Work task:
Beginning with the line below that contains "ปีกไก่ทอด 6 ชิ้น" and ending with the line that contains "38 Carey Ave, Watertown", copy every line exactly. Copy nothing else.
────────────────
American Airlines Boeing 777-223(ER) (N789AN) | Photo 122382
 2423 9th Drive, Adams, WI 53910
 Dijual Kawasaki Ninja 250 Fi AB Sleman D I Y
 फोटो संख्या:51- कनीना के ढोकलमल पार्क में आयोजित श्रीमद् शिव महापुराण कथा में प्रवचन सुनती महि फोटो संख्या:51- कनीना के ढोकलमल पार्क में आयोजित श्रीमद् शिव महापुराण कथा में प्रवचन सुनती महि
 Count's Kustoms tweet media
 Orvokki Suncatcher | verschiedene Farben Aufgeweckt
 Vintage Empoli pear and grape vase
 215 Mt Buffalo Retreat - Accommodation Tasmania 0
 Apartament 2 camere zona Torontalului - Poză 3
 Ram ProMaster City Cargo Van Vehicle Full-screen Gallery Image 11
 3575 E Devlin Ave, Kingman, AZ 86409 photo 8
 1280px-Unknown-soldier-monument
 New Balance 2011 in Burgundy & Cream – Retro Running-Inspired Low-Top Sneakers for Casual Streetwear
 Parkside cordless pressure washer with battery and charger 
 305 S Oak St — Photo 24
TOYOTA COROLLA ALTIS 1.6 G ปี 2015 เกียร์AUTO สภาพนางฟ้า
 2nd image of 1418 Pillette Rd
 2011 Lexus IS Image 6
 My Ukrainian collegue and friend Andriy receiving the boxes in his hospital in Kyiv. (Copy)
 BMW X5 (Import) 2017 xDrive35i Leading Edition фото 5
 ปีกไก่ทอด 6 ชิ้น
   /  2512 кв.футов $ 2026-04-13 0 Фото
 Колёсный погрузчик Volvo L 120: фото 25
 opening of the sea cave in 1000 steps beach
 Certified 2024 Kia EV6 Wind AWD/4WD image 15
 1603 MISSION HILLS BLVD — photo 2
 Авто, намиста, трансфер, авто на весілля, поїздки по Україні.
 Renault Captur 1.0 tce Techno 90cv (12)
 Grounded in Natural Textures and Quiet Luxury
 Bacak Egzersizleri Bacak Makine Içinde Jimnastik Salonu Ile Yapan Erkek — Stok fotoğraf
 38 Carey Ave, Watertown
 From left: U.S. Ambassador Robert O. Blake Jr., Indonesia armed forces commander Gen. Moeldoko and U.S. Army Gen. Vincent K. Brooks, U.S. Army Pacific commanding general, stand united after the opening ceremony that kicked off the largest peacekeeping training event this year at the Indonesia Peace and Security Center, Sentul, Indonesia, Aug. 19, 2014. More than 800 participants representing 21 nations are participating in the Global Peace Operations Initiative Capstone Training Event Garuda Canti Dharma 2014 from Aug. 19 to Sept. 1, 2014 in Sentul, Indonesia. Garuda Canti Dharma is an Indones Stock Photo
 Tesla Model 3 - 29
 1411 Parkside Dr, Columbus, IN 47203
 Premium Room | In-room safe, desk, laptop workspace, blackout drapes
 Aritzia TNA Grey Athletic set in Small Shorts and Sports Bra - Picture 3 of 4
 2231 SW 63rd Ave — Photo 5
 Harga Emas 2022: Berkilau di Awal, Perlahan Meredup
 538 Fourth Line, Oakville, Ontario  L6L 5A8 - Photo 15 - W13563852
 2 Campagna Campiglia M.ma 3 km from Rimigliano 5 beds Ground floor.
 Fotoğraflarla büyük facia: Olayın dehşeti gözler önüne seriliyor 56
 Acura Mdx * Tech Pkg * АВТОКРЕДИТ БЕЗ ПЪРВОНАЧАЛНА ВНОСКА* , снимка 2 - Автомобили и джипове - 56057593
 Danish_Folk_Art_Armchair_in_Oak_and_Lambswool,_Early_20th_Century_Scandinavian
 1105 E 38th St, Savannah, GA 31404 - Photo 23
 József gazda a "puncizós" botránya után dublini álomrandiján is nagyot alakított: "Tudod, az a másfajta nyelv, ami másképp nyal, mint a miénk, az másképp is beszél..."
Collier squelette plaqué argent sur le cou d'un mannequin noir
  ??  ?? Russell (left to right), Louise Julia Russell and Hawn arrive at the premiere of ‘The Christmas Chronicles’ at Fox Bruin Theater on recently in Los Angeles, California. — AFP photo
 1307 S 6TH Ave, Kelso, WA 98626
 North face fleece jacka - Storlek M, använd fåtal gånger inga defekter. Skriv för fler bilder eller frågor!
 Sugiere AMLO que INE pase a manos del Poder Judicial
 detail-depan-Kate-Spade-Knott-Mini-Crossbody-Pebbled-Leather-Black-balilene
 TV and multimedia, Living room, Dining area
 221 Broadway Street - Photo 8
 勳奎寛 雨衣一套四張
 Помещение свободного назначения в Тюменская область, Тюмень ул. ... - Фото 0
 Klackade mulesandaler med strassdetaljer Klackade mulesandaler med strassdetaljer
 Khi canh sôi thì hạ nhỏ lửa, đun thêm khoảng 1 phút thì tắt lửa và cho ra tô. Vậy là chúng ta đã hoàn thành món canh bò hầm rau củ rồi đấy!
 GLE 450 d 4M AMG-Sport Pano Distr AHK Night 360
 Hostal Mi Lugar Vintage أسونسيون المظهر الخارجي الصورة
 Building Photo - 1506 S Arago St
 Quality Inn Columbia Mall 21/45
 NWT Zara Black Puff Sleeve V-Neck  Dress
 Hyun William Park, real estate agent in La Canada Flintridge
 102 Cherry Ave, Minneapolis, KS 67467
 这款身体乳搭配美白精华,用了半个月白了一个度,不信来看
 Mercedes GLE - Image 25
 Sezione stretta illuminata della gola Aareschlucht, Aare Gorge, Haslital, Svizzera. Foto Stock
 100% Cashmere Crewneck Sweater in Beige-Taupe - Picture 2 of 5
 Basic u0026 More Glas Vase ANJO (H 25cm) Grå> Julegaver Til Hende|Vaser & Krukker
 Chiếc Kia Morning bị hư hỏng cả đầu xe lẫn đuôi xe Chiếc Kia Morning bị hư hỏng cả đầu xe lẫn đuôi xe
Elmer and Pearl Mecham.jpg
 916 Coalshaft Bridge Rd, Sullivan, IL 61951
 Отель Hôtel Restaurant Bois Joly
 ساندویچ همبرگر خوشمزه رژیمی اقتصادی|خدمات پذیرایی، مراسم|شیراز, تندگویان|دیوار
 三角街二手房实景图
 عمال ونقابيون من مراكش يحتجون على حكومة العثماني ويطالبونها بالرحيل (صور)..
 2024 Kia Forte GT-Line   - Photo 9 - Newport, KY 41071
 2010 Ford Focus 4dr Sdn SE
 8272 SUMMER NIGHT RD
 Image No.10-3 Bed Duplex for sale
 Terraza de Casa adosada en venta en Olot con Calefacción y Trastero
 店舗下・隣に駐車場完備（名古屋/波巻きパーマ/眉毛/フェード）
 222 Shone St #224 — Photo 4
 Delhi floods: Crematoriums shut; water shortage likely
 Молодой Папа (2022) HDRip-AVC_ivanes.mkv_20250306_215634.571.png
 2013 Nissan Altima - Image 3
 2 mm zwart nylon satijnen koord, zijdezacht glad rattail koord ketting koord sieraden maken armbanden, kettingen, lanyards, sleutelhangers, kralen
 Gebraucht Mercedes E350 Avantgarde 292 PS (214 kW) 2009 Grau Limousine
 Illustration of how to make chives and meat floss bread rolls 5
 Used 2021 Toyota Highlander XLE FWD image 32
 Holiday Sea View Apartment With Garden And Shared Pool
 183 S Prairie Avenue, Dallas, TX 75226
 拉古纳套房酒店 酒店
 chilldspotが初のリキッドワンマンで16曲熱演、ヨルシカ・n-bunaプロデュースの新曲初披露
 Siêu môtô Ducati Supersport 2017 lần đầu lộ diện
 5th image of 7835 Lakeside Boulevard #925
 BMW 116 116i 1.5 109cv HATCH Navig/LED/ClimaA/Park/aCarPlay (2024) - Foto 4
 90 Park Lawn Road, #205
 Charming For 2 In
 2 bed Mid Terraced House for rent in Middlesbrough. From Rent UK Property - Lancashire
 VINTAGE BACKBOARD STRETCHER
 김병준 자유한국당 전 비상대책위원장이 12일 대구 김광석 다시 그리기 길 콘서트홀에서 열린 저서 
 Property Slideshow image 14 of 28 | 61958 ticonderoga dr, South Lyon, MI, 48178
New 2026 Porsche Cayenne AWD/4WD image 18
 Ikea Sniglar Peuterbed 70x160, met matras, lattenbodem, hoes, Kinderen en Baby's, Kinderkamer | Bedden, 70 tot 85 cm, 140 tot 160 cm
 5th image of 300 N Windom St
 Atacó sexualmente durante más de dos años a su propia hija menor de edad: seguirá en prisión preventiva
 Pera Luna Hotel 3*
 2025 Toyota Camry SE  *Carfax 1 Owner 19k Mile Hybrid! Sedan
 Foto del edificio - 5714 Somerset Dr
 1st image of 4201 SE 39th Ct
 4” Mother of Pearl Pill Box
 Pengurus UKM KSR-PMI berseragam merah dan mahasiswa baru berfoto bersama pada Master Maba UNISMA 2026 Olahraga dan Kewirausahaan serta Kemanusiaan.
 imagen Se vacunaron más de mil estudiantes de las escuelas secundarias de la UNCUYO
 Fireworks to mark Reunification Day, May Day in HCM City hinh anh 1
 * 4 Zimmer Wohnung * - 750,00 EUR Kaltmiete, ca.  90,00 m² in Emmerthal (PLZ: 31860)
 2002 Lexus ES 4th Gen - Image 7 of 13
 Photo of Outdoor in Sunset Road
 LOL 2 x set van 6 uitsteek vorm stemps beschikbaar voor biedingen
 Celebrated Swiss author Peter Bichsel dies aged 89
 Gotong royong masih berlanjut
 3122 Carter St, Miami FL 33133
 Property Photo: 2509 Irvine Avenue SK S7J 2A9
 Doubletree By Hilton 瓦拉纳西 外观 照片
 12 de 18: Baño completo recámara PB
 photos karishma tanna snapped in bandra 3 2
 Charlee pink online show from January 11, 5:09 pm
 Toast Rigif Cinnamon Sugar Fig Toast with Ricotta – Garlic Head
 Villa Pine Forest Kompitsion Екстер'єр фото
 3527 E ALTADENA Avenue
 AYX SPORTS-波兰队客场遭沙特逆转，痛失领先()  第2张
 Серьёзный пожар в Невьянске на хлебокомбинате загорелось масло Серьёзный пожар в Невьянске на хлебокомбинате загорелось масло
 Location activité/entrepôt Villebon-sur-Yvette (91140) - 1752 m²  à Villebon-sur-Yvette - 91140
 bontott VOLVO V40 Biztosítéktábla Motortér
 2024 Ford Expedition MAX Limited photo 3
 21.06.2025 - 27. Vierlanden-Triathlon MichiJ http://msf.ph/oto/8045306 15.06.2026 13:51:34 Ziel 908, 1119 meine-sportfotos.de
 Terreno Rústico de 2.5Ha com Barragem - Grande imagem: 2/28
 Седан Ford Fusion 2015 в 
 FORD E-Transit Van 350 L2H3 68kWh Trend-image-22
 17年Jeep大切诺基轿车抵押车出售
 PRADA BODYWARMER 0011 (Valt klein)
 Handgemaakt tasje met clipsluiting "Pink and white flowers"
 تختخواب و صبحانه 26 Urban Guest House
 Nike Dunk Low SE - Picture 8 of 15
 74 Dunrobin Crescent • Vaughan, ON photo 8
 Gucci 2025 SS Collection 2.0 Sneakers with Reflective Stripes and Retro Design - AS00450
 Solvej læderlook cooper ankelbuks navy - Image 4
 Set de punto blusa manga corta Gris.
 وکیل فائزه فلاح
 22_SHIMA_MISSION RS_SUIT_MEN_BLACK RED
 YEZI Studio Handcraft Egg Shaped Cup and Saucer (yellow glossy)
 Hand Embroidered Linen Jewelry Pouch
────────────────
Output:
 ปีกไก่ทอด 6 ชิ้น
   /  2512 кв.футов $ 2026-04-13 0 Фото
 Колёсный погрузчик Volvo L 120: фото 25
 opening of the sea cave in 1000 steps beach
 Certified 2024 Kia EV6 Wind AWD/4WD image 15
 1603 MISSION HILLS BLVD — photo 2
 Авто, намиста, трансфер, авто на весілля, поїздки по Україні.
 Renault Captur 1.0 tce Techno 90cv (12)
 Grounded in Natural Textures and Quiet Luxury
 Bacak Egzersizleri Bacak Makine Içinde Jimnastik Salonu Ile Yapan Erkek — Stok fotoğraf
 38 Carey Ave, Watertown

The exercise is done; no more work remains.